→ TASK STATEMENT:
Repeat the listing in full, exactly as it stands.

→ MATERIAL FOR THE TASK:

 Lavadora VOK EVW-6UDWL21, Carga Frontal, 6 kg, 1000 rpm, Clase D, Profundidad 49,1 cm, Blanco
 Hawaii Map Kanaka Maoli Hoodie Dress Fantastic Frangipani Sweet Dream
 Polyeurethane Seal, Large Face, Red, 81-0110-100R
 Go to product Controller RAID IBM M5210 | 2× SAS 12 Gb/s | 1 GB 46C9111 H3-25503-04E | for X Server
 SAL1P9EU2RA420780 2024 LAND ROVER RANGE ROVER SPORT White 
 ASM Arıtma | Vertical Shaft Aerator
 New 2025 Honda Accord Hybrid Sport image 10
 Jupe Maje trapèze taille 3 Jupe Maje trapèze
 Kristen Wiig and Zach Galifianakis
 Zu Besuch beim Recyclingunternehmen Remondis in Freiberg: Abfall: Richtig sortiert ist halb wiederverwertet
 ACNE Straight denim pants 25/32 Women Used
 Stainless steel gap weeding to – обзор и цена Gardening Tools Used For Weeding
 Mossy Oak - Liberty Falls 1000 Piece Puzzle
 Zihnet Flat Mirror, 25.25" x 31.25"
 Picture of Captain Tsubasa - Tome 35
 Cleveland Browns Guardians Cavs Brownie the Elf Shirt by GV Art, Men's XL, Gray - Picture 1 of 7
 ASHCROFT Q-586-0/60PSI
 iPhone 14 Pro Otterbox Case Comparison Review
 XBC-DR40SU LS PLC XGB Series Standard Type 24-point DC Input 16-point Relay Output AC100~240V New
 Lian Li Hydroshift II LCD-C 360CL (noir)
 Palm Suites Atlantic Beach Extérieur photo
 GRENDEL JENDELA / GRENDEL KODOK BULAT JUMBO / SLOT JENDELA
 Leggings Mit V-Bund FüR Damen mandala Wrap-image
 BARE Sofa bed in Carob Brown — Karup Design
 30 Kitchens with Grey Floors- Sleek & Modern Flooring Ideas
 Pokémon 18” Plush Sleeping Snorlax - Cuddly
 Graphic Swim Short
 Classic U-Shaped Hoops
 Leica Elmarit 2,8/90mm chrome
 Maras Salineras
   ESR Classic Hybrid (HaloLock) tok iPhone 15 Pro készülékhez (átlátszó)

→ EXERCISE ANSWER:
 Lavadora VOK EVW-6UDWL21, Carga Frontal, 6 kg, 1000 rpm, Clase D, Profundidad 49,1 cm, Blanco
 Hawaii Map Kanaka Maoli Hoodie Dress Fantastic Frangipani Sweet Dream
 Polyeurethane Seal, Large Face, Red, 81-0110-100R
 Go to product Controller RAID IBM M5210 | 2× SAS 12 Gb/s | 1 GB 46C9111 H3-25503-04E | for X Server
 SAL1P9EU2RA420780 2024 LAND ROVER RANGE ROVER SPORT White 
 ASM Arıtma | Vertical Shaft Aerator
 New 2025 Honda Accord Hybrid Sport image 10
 Jupe Maje trapèze taille 3 Jupe Maje trapèze
 Kristen Wiig and Zach Galifianakis
 Zu Besuch beim Recyclingunternehmen Remondis in Freiberg: Abfall: Richtig sortiert ist halb wiederverwertet
 ACNE Straight denim pants 25/32 Women Used
 Stainless steel gap weeding to – обзор и цена Gardening Tools Used For Weeding
 Mossy Oak - Liberty Falls 1000 Piece Puzzle
 Zihnet Flat Mirror, 25.25" x 31.25"
 Picture of Captain Tsubasa - Tome 35
 Cleveland Browns Guardians Cavs Brownie the Elf Shirt by GV Art, Men's XL, Gray - Picture 1 of 7
 ASHCROFT Q-586-0/60PSI
 iPhone 14 Pro Otterbox Case Comparison Review
 XBC-DR40SU LS PLC XGB Series Standard Type 24-point DC Input 16-point Relay Output AC100~240V New
 Lian Li Hydroshift II LCD-C 360CL (noir)
 Palm Suites Atlantic Beach Extérieur photo
 GRENDEL JENDELA / GRENDEL KODOK BULAT JUMBO / SLOT JENDELA
 Leggings Mit V-Bund FüR Damen mandala Wrap-image
 BARE Sofa bed in Carob Brown — Karup Design
 30 Kitchens with Grey Floors- Sleek & Modern Flooring Ideas
 Pokémon 18” Plush Sleeping Snorlax - Cuddly
 Graphic Swim Short
 Classic U-Shaped Hoops
 Leica Elmarit 2,8/90mm chrome
 Maras Salineras
   ESR Classic Hybrid (HaloLock) tok iPhone 15 Pro készülékhez (átlátszó)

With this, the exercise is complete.